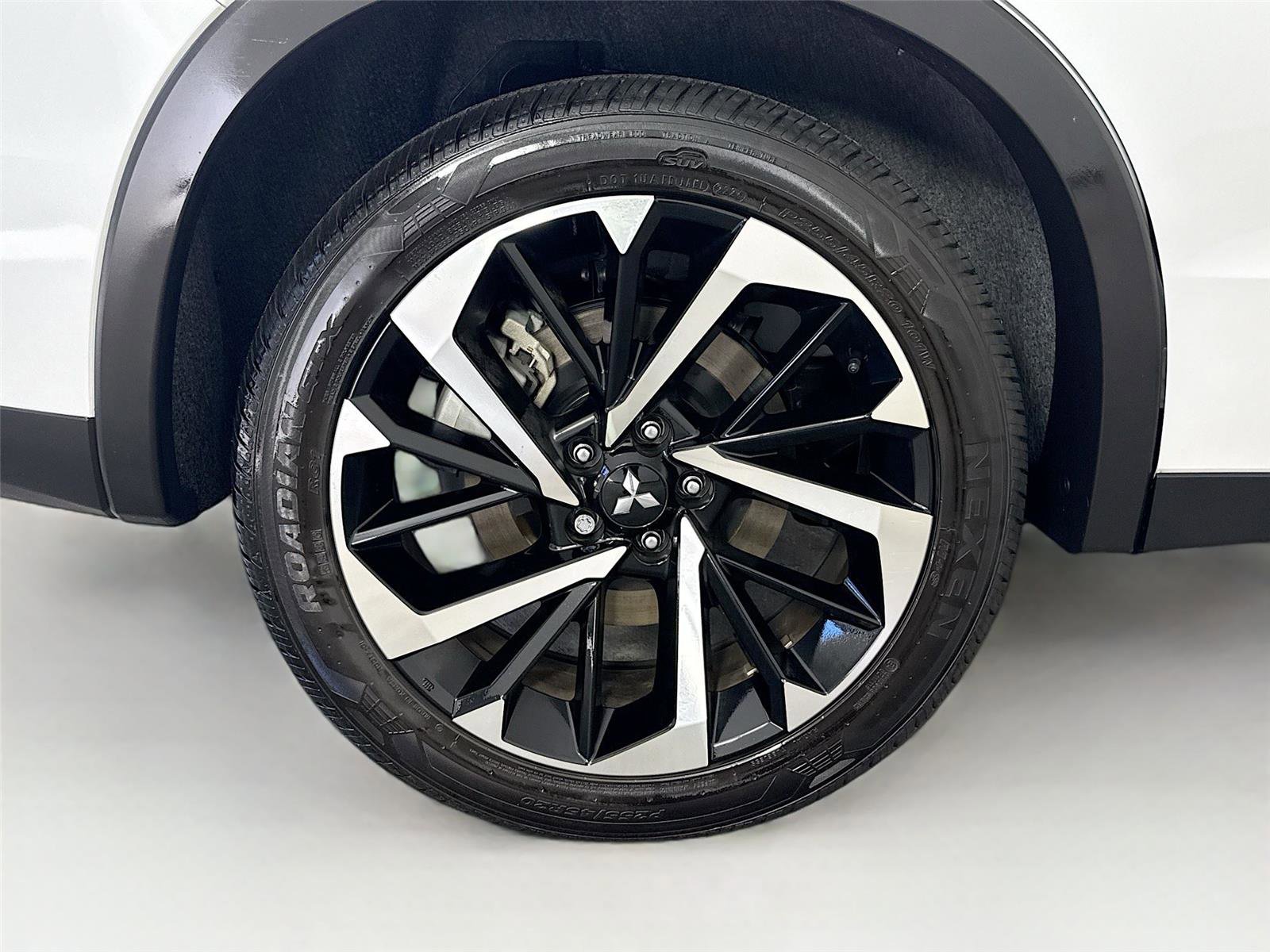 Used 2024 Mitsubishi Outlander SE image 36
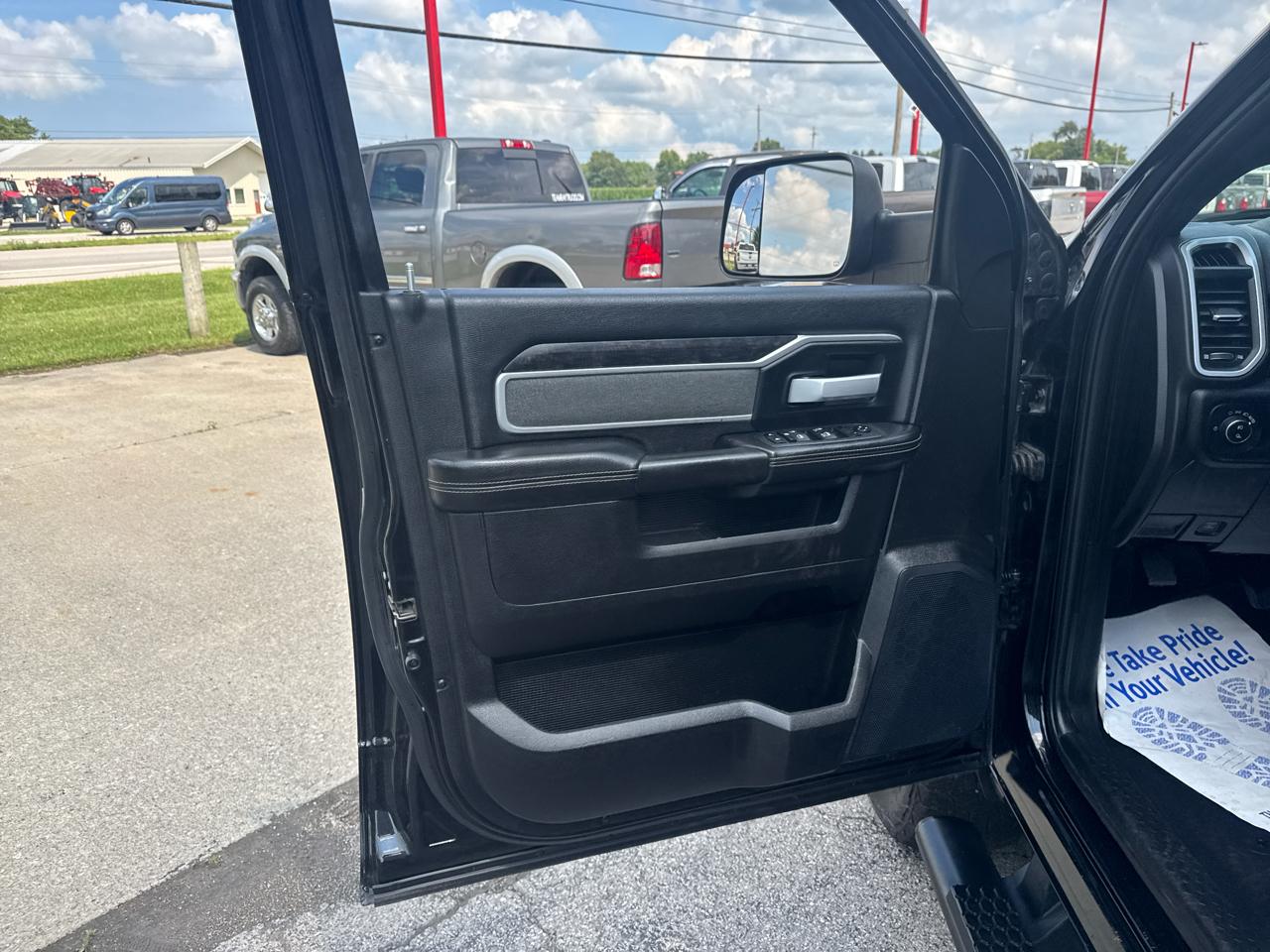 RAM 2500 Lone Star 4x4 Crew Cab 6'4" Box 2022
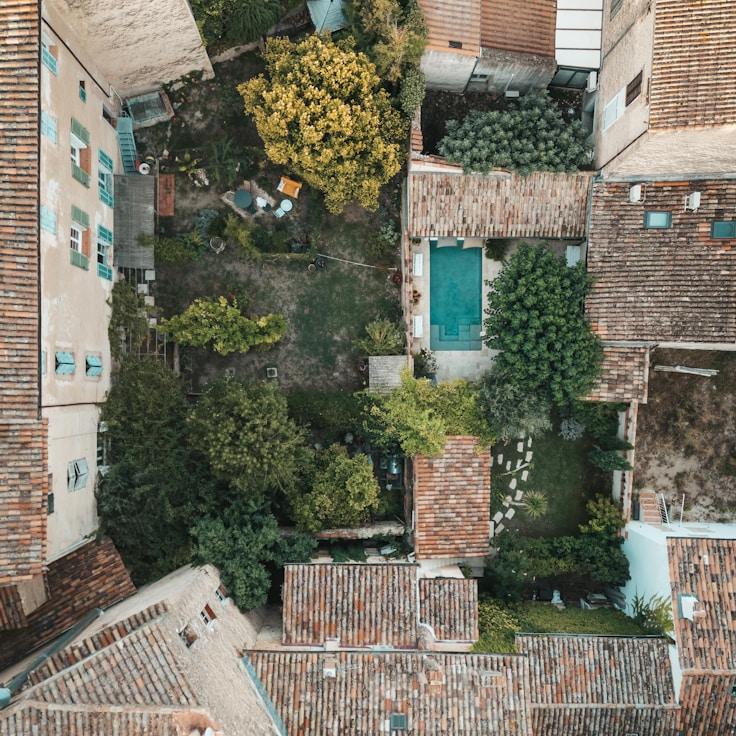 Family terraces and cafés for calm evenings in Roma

- [EXERCISE AIM]
Reproduce the listing exactly. Do not include its images.

- [EXPECTED ANSWER]
 Used 2024 Mitsubishi Outlander SE image 36
 RAM 2500 Lone Star 4x4 Crew Cab 6'4" Box 2022
 Family terraces and cafés for calm evenings in Roma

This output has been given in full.